I contend that this fact is of major importance in the theology of Salvation. If—as I believe it essential to insist—the correct theology of Salvation is based on Christ’s own understanding of his mission on earth, the doctrine of the Incarnation obliges us to believe, likewise, that Christ’s understanding of his mission received its living fabric and shape from those “various ways” in which the Israelite prophets, “at various times,” foretold, expressed, and adumbrated that mission. Christ spoke most clearly on this point when he declared to his enemies,
“if you believed Moses, you would believe me, for he wrote of me” (John 5:46)
What he declared here of Moses he certainly believed to be true of the other biblical witnesses to his coming.
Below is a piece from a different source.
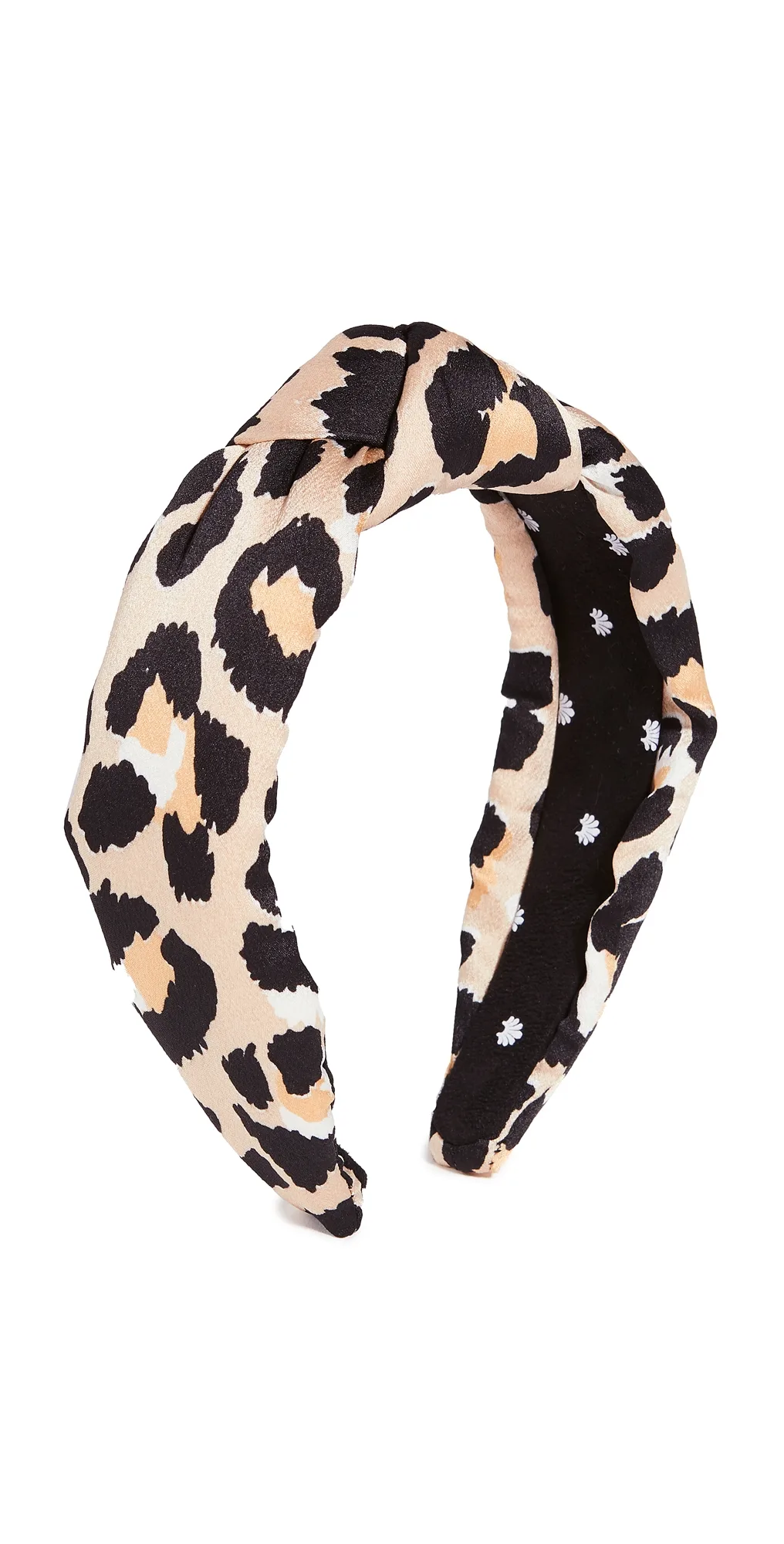 Silk Leopard Knotted Headband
Indeed, just before sending out his disciples to evangelize the world, he outlined the content of their preaching by reference to those witnesses:
“These are the words which I spoke to you while I was still with you, that all things must be fulfilled which were written in the Law of Moses, the Prophets, and the Psalms concerning me.”
And then, Luke tells us,
“he opened their understanding, that they might comprehend the Scriptures” (Luke 24:44-45).
That is to say, the proclamation of the Gospel is inseparable from Christ’s understanding of the Old Testament Scriptures.
As this principle pertains to the theology of Salvation, a special importance attaches to the Old Testament theology of sacrifice, inasmuch as Jesus interpreted his death as a sacrifice offered for man’s deliverance from sin and death. Consequently, a concentrated study of Israel’s ritual worship, particularly the significance of sacrifice, is of primary importance for a proper theological understanding of what was accomplished—and how it was accomplished—on the Cross.
This aspect of Soteriology points to a more general principle that pertains to all Christian theology: It is impossible to grasp “the mind of Christ”—which is, after all, the work of Sacred Theology—apart from the teaching of the Hebrew Scriptures.
No Old Testament, no Christian theology.